It was finally time to weld each frame together. One of the challenges of welding is distortion caused by heat. Welding introduces enough heat to melt metal, so it can cause warping, and then as the weld cools it wants to contract, which introduces further warping. To counteract this, I fully constructed the frame, so that the bolts and the other panel would anchor the places I was welding. More importantly, I used “counterposed” welds, moving quickly through a sequence of welds that oppose each other as they cool.

A corner of the frame is shown. It's clamped to a flat plate with two clamps. There are two tack welds at the corner

There was one corner where I had trimmed the bars too much, and there was a slight gap. I tacked one face and then welded in a shim to fill the gap.
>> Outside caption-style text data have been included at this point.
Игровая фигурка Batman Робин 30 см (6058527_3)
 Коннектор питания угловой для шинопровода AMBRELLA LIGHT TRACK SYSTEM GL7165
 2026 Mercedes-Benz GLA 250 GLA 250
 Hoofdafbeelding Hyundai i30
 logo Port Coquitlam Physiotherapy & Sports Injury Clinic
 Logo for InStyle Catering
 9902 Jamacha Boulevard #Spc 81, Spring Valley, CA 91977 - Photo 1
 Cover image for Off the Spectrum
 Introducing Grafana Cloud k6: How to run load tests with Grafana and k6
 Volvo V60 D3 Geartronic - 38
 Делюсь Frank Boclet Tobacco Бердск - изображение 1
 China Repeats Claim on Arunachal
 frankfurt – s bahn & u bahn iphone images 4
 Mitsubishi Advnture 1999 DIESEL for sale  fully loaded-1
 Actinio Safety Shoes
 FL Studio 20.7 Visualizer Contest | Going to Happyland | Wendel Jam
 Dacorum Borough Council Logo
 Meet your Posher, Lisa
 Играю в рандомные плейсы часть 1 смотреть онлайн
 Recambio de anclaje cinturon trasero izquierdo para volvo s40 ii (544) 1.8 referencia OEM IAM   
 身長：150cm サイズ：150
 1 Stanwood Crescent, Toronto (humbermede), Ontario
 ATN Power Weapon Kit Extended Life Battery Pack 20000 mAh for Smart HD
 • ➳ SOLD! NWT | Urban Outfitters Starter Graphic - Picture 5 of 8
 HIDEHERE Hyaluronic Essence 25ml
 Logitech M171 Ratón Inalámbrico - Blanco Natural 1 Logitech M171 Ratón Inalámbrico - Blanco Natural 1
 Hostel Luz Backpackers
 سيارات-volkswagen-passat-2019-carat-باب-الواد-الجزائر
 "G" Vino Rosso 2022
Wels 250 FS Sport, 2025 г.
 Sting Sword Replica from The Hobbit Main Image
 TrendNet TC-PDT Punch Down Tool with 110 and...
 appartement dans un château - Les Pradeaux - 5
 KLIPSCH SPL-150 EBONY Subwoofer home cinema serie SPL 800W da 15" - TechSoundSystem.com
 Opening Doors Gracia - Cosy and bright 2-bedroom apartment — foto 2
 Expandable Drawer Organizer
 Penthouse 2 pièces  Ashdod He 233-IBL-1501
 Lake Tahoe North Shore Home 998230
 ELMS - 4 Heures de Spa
A corner of the frame is shown with a piece of 16 gauge steel in a gap between the two bars

After tacking (two tacks on one face, one on the other), these welds were ground flat. They looked good, so the next task was welding it out, making a complete bead from the inside corner to the outside corner. These welds were then ground flat. Finally, the corner edges from the front face to the back face were welded out. The inside corners were never welded. Once everything was fully welded, everything was cleaned up one more time with an angle grinder and then fine-tuned with a file.

A shiny, smooth corner of the frame with a bastard file on top

Sheet Metal Back

I mentioned earlier that the faces of the door would be sheet metal. One of them was pretty simple, just a sheet of 16 gauge (~1/16th”) steel in a rectangle, with a circular hole. Easy, right?

I cut the sheet with the big hydraulic sheet metal shear, which — happily — is back online. It was out of commission the semester I took Intermediate Layout, and we did all of the straight shearing in that class with a stomp shear, which uses the weight of your body to make the cut. Doing that for 16 gauge steel would have been really pushing it.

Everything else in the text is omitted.